Indeed, looking at the benchmark source code (thanks for providing it!), it completely lacks index for the native case, leading to a false statement the that native full-text search indexes Postgres provides (usually GIN indexes on tsvector columns) are slow.
https://github.com/paradedb/paradedb/blob/bb4f2890942b85be3e... – here the tsvector is being built. But this is not an index. You need CREATE INDEX ... USING gin(search_vector);
This mistake could be avoided if bencharks included query plans collected with EXPLAIN (ANALYZE, BUFFERS). It would quickly become clear that for the "native" case, we're dealing with SeqScan, not IndexScan.
GINs are very fast. They are designed to be very fast for search – but they have a problem with slower UPDATEs in some cases.

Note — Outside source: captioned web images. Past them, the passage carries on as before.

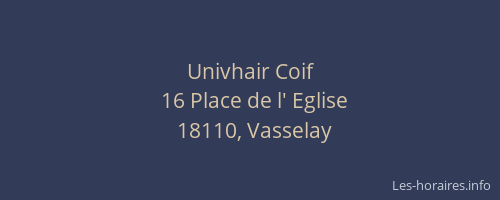 Univhair Coif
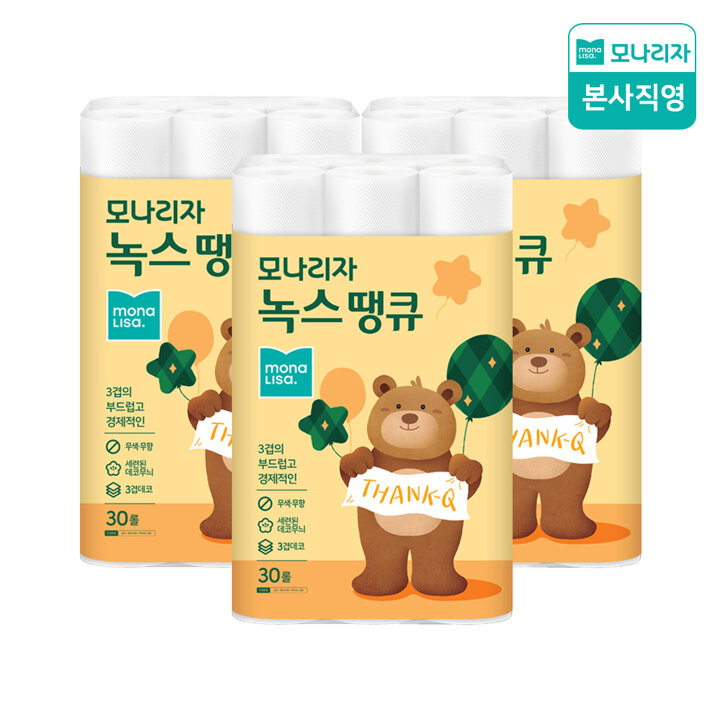 (공구)모나리자 녹스 땡큐 30m x 30롤 x 3팩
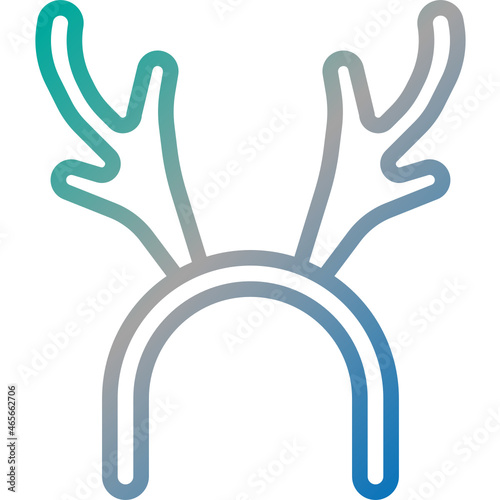 headband gradient icon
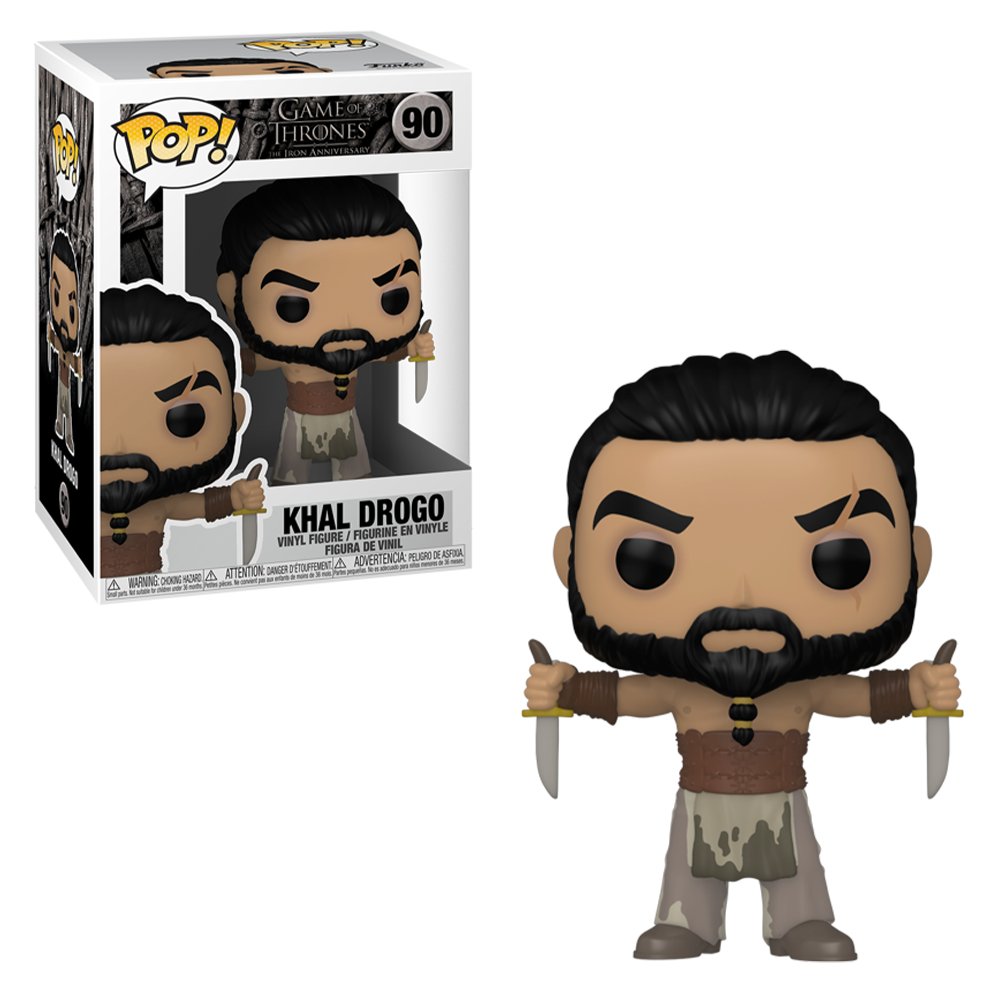 [PRE-ORDER] Funko POP! Game of Thrones - Khal Drogo with Daggers Vinyl Figure #90 (ONLINE ORDER ONLY)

Another point, fuzzy search also exists, via pg_trgm. Of course, dealing with these things require understanding, tuning, and usually a "lego game" to be played – building products out of the existing (or new) "bricks" totally makes sense to me.
https://www.crunchydata.com/blog/postgres-full-text-search-a...
How does Pg_bm25 compare here with maintaining the index & performance?
> There are two kinds of indexes that can be used to speed up full text searches: GIN and GiST. Note that indexes are not mandatory for full text searching, but in cases where a column is searched on a regular basis, an index is usually desirable.
I was looking for comparison against a gin index specifically, without it pros/cons unclear.
pg_bm25 is our first step in building an Elasticsearch alternative on Postgres. We built it as a result of working on hybrid search in Postgres and becoming frustrated with Postgres' sparse feature set when it comes to full text search.
To address a few of the discussion points, today pg_bm25 can be installed on self-hosted Postgres instances. Managed Postgres providers like RDS are pretty restrictive when it comes to the Postgres extension ecosystem, which is why we're currently working on a managed Postgres database called ParadeDB which comes with pg_bm25 preinstalled. It'll be available in private beta next week and there's a waitlist on our website (https://www.paradedb.com/).
I understand that it becomes very hard to monetize if you're not able to offer your own hosted service, and I don't have a solution for that, but not supporting RDS is going to really diminish the product for many people.
Of course if you are 100% attached to AWS RDS itself (rather than the convenience of AWS RDS, which is replicable by ParadeDB), then there's not much we can do here, as we also need to eat :')
Also, it would be possible to set up a logical PG replica.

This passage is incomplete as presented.